Edited by Mickey L. Mattox, Richard J. Serina Jr., and Jonathan Mumme

Leiden: Brill, 2019. 362 pages. Hardback. $155.00.


Reviewed by Cameron A. MacKenzie on 06/08/2020

Historians love anniversaries—at least I do. Not only do they elicit opportunities for speaking and preaching, but they also produce scholarship. And the book at hand represents scholarship of the highest quality, occasioned by the five-hundredth anniversary of the Leipzig Debate.

There are two events from Luther’s early career as a reformer that everyone knows: posting the Ninety-Five Theses and refusing to recant at the Diet of Worms. But this book—and the anniversary it marks—reminds us that between those two milestones was another important episode, perhaps less well known but certainly far more important theologically than either of them. In his debate with John Eck at Leipzig in July 1519, Luther proved willing to challenge the highest authorities of the institutional church, pope and councils. Not only could they be wrong, but they had been wrong. The Scriptures alone were Luther’s standard for Christian truth.
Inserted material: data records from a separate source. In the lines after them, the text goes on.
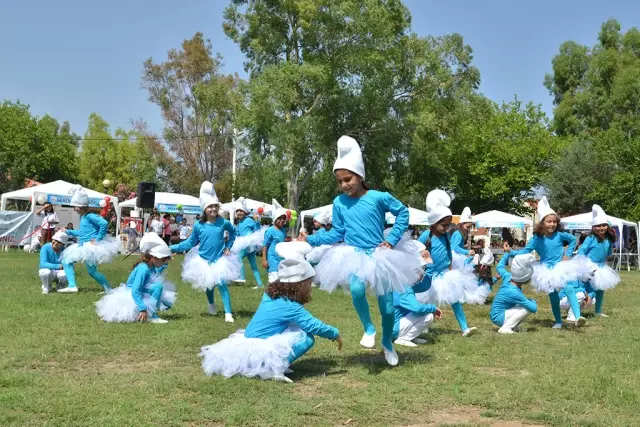 Geleceğin mucitleri, Foça Eğitim Bilim Şenliği'nde deneyler yaptı Geleceğin mucitleri, Foça Eğitim Bilim Şenliği'nde deneyler yaptı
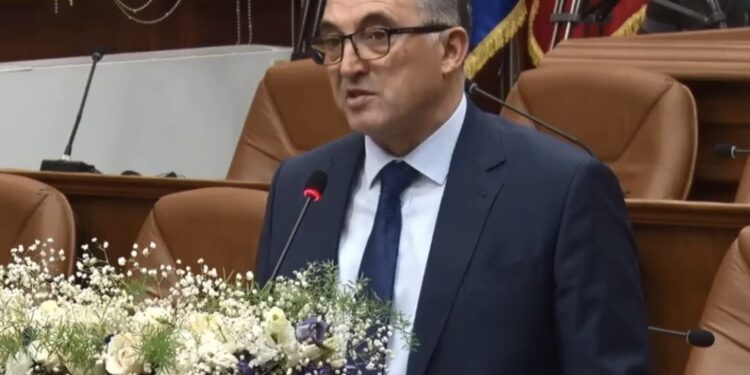 “Shpërthejnë” pakënaqësitë në PDK në Prizren: Vjen edhe një dorëheqje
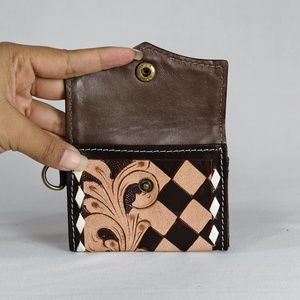 Tarjetero de Cuero Genuino Hecho a Mano con Grabado Geométrico, Cierre Abierto, Cartera Corta para Mujer, Estilo Indio, Cartera Portátil de Moda - Product Image 4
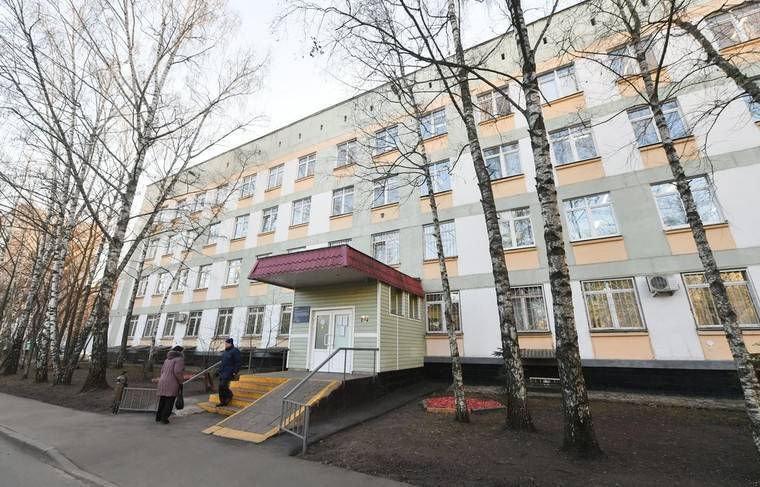 Поликлиники и соцучреждения Москвы изменили режим работы на 22 — 24 февраля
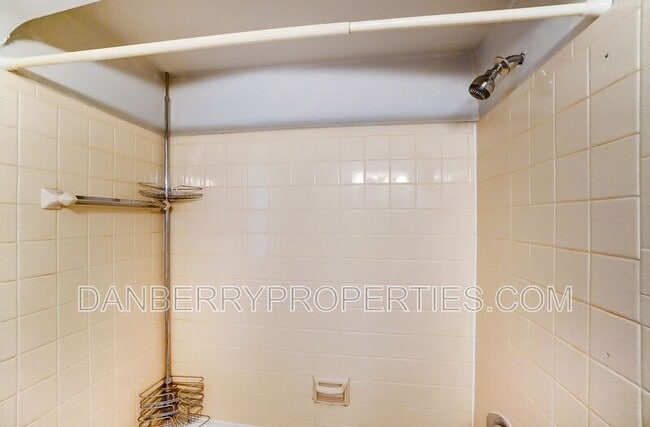 Building Photo - 915 Independence Rd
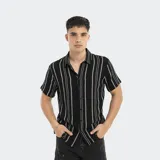 Camisa de manga corta negra con rayas verticales blancas y grises, cuello camisero y cierre frontal con botones.
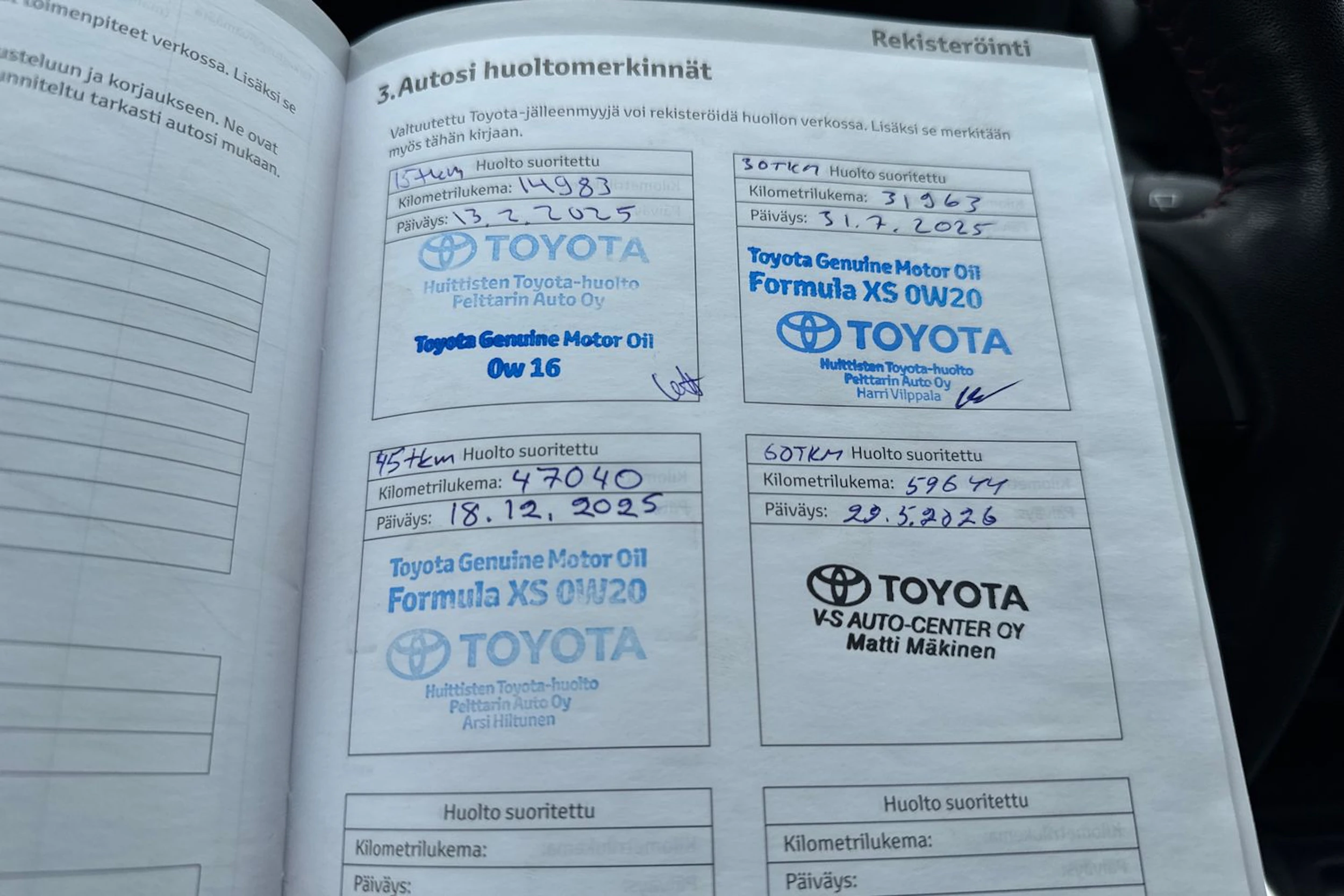 harmaa Toyota RAV4 Plug-in 2024 kuva 14.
With that confession, Luther sealed his fate as far as Rome was concerned, but he also laid the foundation for all subsequent Lutheran theology, right down to the present. As the Formula of Concord expressed it, “We believe, teach, and confess that the only rule and guiding principle according to which all teachings and teachers are to be evaluated and judged are the prophetic and apostolic writings of the Old and New Testaments alone” (FC Ep, Rule and Norm, 1).[1]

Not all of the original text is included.